A CNN architecture developed at the University of Toronto by Krizhevsky, Sutskever, and Hinton [81] managed to beat by a large margin [82] all the competing approaches such as smartly engineered feature detectors based on decades of research in the field. AlexNet (as the architecture was called in honour of its developer, Alex Krizhevsky) was significantly bigger in terms of the number of parameters and layers compared to its older sibling LeNet-5 [83], but conceptually the same. The key difference was the use of a graphics processor (GPU) for training [84], now the mainstream hardware platform for deep learning [85].
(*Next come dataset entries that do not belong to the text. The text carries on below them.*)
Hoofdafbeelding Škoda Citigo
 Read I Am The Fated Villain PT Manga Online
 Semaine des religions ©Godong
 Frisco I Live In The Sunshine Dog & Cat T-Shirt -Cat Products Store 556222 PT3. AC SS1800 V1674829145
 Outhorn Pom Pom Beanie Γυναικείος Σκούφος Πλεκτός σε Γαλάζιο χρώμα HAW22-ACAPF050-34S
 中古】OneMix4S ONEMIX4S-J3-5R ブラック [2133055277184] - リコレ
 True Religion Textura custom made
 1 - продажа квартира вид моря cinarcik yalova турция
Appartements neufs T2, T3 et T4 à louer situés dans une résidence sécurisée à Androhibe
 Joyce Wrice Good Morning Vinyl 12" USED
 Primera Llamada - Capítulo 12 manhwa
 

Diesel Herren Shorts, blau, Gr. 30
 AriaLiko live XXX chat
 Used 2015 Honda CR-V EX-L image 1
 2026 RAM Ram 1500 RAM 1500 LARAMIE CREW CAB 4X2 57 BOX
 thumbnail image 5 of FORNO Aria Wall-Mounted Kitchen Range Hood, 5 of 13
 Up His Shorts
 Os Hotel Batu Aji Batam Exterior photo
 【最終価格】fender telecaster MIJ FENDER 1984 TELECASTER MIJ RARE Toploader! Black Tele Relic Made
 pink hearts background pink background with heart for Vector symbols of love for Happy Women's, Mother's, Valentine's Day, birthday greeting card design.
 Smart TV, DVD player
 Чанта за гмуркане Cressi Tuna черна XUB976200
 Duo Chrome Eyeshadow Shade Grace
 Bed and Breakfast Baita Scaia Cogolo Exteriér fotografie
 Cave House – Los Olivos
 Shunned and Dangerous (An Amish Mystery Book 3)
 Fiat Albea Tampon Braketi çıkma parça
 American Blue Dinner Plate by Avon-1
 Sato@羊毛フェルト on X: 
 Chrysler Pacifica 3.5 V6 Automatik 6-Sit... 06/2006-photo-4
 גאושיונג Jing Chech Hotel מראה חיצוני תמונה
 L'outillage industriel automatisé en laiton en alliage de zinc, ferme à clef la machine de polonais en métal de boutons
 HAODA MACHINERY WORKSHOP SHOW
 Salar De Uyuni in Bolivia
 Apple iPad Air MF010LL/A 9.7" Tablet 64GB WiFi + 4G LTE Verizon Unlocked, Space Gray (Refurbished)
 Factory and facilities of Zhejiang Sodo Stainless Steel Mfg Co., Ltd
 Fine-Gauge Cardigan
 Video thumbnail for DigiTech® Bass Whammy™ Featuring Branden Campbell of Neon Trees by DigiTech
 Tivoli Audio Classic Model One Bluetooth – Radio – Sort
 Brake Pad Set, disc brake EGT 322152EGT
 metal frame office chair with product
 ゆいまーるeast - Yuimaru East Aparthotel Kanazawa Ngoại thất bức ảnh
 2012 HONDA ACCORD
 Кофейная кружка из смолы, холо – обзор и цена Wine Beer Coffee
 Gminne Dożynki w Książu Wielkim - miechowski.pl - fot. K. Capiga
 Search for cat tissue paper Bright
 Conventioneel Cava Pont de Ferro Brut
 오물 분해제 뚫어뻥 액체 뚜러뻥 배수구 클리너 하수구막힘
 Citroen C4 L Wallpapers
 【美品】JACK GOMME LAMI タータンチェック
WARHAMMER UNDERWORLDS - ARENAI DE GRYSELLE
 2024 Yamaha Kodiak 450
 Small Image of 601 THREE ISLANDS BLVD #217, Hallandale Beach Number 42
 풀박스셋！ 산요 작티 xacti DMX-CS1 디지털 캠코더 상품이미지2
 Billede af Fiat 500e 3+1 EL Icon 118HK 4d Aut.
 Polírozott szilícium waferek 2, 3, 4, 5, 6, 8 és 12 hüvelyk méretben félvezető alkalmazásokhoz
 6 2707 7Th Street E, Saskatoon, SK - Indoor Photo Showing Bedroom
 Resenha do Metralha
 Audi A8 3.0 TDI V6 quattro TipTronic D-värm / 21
The success of CNNs on ImageNet became the turning point for deep learning and heralded its broad acceptance in the following decade. A similar transformation happened in natural language processing and speech recognition, which moved entirely to neural network-based approaches during the 2010s; indicatively, Google [86] and Facebook [87] switched their machine translations systems to LSTM-based architectures around 2016-17. Multi-billion dollar industries emerged as a result of this breakthrough, with deep learning successfully used in commercial systems ranging from speech recognition in Apple iPhone to Tesla self-driving cars. More than forty years after the scathing review of Rosenblatt’s work, the connectionists were finally vindicated.

If the history of symmetry is tightly intertwined with physics, the history of graph neural networks, a “poster child” of Geometric Deep Learning, has roots in another branch of natural science: chemistry.

Chemistry has historically been — and still is — one of the most data-intensive academic disciplines. The emergence of modern chemistry in the eighteenth century resulted in the rapid growth in the number of known chemical compounds and an early need for their organisation. This role was initially played by periodicals such as the *Chemisches Zentralblatt* [88] and “chemical dictionaries” like the *Gmelins Handbuch der anorganischen Chemie* (an early compendium of inorganic compounds first published in 1817 [89]) and *Beilsteins Handbuch der organischen Chemie* (a similar effort for organic chemistry) — initially published in German, which was one of the dominant language of science in the early 20th century.

In the English-speaking world, the Chemical Abstracts Service (CAS) was created in 1907 and has gradually become the central repository for the world’s published chemical information [90]. However, the sheer amount of data (the* Beilstein* alone has grown to over 500 volumes and nearly half a million pages over its lifetime) has quickly made it impractical to print and use such chemical databases.

Since the mid-nineteenth century, chemists have established a universally understood way to refer to chemical compounds through *structural formulae*, indicating a compound’s atoms, the bonds between them, and even their 3D geometry. But such structures did not lend themselves to easy retrieval.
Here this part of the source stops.